* STUDY MATERIAL:
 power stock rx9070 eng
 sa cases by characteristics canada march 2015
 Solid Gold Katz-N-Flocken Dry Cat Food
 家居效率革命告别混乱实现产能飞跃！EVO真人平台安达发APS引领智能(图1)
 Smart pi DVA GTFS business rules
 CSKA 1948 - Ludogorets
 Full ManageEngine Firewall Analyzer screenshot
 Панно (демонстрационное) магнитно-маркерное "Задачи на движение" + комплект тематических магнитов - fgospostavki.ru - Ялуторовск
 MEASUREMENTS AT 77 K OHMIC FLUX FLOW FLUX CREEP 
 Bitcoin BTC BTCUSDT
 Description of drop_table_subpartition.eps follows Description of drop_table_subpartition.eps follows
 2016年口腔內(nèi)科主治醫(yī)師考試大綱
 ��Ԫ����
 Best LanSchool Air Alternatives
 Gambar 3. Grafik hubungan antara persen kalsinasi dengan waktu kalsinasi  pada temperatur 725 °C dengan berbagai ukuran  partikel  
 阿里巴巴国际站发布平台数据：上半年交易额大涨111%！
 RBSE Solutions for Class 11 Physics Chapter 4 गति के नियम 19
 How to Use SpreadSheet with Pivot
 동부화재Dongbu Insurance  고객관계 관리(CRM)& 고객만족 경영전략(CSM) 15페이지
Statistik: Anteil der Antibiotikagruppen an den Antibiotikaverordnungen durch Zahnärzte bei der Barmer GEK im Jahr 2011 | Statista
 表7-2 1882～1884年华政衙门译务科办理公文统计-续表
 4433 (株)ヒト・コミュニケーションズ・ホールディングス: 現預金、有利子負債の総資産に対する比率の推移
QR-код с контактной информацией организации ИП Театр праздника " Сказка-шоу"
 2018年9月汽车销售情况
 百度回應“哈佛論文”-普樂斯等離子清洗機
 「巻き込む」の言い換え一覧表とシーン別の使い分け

* TASK DIRECTIONS: Give back the whole of the data above, exactly as written.

* ANSWER TO THIS PROBLEM:
 power stock rx9070 eng
 sa cases by characteristics canada march 2015
 Solid Gold Katz-N-Flocken Dry Cat Food
 家居效率革命告别混乱实现产能飞跃！EVO真人平台安达发APS引领智能(图1)
 Smart pi DVA GTFS business rules
 CSKA 1948 - Ludogorets
 Full ManageEngine Firewall Analyzer screenshot
 Панно (демонстрационное) магнитно-маркерное "Задачи на движение" + комплект тематических магнитов - fgospostavki.ru - Ялуторовск
 MEASUREMENTS AT 77 K OHMIC FLUX FLOW FLUX CREEP 
 Bitcoin BTC BTCUSDT
 Description of drop_table_subpartition.eps follows Description of drop_table_subpartition.eps follows
 2016年口腔內(nèi)科主治醫(yī)師考試大綱
 ��Ԫ����
 Best LanSchool Air Alternatives
 Gambar 3. Grafik hubungan antara persen kalsinasi dengan waktu kalsinasi  pada temperatur 725 °C dengan berbagai ukuran  partikel  
 阿里巴巴国际站发布平台数据：上半年交易额大涨111%！
 RBSE Solutions for Class 11 Physics Chapter 4 गति के नियम 19
 How to Use SpreadSheet with Pivot
 동부화재Dongbu Insurance  고객관계 관리(CRM)& 고객만족 경영전략(CSM) 15페이지
Statistik: Anteil der Antibiotikagruppen an den Antibiotikaverordnungen durch Zahnärzte bei der Barmer GEK im Jahr 2011 | Statista
 表7-2 1882～1884年华政衙门译务科办理公文统计-续表
 4433 (株)ヒト・コミュニケーションズ・ホールディングス: 現預金、有利子負債の総資産に対する比率の推移
QR-код с контактной информацией организации ИП Театр праздника " Сказка-шоу"
 2018年9月汽车销售情况
 百度回應“哈佛論文”-普樂斯等離子清洗機
 「巻き込む」の言い換え一覧表とシーン別の使い分け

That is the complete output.